Problem:
Check each line of the entries below for the word "Protective", and copy out the ones that have it.

[Stored data entries]
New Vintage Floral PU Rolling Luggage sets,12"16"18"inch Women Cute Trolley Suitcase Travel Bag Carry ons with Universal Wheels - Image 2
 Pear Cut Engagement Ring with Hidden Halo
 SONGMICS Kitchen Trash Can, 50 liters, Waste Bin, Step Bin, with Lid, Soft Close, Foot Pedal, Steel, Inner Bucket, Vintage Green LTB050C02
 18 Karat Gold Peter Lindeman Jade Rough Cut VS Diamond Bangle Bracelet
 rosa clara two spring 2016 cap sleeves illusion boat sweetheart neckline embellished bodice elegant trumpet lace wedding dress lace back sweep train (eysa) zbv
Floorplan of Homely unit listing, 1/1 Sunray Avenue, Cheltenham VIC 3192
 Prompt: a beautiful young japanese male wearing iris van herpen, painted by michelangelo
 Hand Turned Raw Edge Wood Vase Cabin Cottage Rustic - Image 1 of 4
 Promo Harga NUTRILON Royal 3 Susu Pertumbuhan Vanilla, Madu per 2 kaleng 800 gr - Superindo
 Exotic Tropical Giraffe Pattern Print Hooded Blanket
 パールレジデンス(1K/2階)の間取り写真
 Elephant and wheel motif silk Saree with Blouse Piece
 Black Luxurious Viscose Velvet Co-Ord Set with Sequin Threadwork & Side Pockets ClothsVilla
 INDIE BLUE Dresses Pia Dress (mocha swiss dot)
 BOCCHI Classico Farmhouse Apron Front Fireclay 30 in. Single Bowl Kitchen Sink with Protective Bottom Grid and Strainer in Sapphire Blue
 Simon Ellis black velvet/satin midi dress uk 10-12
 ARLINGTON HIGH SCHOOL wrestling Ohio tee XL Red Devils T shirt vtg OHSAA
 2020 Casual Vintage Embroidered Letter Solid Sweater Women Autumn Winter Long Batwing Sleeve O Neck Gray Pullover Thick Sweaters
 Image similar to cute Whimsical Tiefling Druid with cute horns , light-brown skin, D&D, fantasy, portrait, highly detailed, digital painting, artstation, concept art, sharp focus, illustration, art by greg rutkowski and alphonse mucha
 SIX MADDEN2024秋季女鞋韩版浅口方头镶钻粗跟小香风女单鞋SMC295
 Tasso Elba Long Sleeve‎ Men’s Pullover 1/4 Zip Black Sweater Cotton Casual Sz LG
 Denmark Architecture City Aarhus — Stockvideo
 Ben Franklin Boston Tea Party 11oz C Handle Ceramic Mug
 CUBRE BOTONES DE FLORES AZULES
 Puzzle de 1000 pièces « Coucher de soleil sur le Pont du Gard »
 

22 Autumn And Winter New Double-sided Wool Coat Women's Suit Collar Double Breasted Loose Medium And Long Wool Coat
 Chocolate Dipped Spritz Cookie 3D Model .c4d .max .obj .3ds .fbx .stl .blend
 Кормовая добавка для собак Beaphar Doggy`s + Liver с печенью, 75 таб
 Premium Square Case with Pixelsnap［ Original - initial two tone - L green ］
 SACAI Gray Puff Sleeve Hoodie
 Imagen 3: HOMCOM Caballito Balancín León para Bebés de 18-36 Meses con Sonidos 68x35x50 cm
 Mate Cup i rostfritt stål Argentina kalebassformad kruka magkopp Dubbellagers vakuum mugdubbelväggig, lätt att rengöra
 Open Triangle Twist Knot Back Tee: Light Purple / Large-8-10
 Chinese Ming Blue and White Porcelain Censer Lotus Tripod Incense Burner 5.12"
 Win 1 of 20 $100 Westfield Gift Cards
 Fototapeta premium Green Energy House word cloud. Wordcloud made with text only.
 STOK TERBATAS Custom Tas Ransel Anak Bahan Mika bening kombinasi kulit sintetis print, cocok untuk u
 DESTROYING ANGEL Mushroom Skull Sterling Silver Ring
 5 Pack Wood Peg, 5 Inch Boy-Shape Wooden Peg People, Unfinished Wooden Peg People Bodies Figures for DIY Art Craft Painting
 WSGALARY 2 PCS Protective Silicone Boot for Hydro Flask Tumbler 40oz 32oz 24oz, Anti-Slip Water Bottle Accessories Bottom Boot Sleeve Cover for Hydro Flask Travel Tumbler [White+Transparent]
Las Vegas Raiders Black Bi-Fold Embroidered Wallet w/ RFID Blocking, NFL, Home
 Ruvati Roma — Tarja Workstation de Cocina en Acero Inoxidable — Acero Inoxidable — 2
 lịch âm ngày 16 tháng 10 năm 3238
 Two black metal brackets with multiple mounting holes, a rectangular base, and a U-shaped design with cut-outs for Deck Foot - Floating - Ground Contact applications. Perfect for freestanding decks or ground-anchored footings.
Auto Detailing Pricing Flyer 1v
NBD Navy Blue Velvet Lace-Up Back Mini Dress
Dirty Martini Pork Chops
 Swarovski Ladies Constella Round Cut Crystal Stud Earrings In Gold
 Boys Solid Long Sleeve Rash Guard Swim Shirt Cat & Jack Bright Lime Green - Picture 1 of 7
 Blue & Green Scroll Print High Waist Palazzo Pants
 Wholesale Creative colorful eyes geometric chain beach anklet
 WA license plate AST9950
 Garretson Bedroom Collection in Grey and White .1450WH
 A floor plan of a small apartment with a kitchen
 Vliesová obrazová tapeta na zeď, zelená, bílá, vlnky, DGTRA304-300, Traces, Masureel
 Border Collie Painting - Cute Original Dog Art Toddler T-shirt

Response to the exercise:
 BOCCHI Classico Farmhouse Apron Front Fireclay 30 in. Single Bowl Kitchen Sink with Protective Bottom Grid and Strainer in Sapphire Blue
 WSGALARY 2 PCS Protective Silicone Boot for Hydro Flask Tumbler 40oz 32oz 24oz, Anti-Slip Water Bottle Accessories Bottom Boot Sleeve Cover for Hydro Flask Travel Tumbler [White+Transparent]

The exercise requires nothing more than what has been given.